As well as this week’s events, the forum has organized ceremonies marking the 60th anniversary of the camps’ liberation and the 70th anniversary of Kristallnacht, an infamous Nazi night of violence against Jews. Since its founding, “we have lost many, many survivors and liberators,” said Moshe Kantor, president of the European Jewish Congress.

The increase in the number of events means that people like Mr. Israel have become even more treasured and will have to travel more. The 82-year-old from the Greek island of Rhodes was the only Holocaust survivor on a plane of Jewish activists and European politicians that flew to Krakow from Brussels on Tuesday.

Mr. Israel was deported from Rhodes to mainland Greece in 1943 and held there before being shipping to Auschwitz in 1944. His parents and two brothers died there. “I’ve felt guilty ever since,” he said. After the war, he worked as a shopkeeper and trader in the Belgian Congo and Belgium. He married and raised a family.
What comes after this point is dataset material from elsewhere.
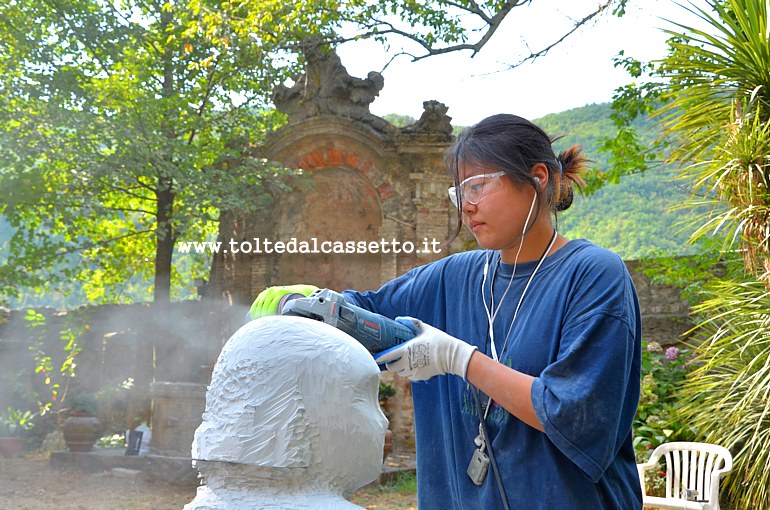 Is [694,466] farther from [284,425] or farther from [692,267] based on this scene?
[284,425]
He kept quiet about the Holocaust, he said, until a few years ago when he met Stipan Bosnjak, a Serb of Roma origin whom he met in Brussels and the two became friends. The Nazis killed several hundred thousand Roma, according to historians. “I was moved to help him come to terms with his memory,” said Mr. Bosnjak, now a psychiatric nurse in Belgium. Two years ago, Mr. Bosnjak helped Mr. Israel write a book. Nobel Peace Prize winner and Holocaust survivor Elie Weisel wrote an endorsement on the jacket. On the flight from Brussels, Mr. Israel’s daughter gave out copies.
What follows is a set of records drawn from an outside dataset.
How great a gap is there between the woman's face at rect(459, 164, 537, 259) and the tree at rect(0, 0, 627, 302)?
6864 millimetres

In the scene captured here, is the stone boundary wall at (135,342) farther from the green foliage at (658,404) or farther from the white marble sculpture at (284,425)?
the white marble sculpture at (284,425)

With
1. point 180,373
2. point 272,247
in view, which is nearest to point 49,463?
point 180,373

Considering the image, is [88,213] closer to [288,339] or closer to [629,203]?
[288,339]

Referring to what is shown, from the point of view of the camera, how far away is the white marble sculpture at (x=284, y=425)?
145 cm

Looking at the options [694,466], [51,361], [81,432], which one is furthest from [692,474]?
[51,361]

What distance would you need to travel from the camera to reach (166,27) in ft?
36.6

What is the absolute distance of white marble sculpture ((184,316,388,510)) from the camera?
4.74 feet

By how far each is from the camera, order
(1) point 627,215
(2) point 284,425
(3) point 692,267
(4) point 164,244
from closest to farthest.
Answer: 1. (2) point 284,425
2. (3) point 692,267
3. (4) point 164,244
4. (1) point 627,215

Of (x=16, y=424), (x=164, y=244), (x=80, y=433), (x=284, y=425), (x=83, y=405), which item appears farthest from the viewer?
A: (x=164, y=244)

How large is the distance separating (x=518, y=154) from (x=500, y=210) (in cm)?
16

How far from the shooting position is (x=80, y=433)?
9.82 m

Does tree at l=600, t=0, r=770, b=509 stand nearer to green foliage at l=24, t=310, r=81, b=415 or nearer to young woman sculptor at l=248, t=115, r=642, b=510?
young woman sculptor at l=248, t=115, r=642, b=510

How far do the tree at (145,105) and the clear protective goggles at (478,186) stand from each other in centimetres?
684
In Poland on Wednesday, Mr. Israel thanked former Soviet soldiers who liberated the camps in January 1945. Ivan Martinushkin said it wasn’t always easy to relate the story of what he saw in 1945 to younger generations where he lives in Moscow. “They get tired of you telling, telling, telling, but if you do it gently, they get the message,” he said.

Mr. Israel also showed visitors around the camp. “There were 100 of us in a train like that,” he said, pointing to a red wagon. “It was hot in August. Can you imagine?”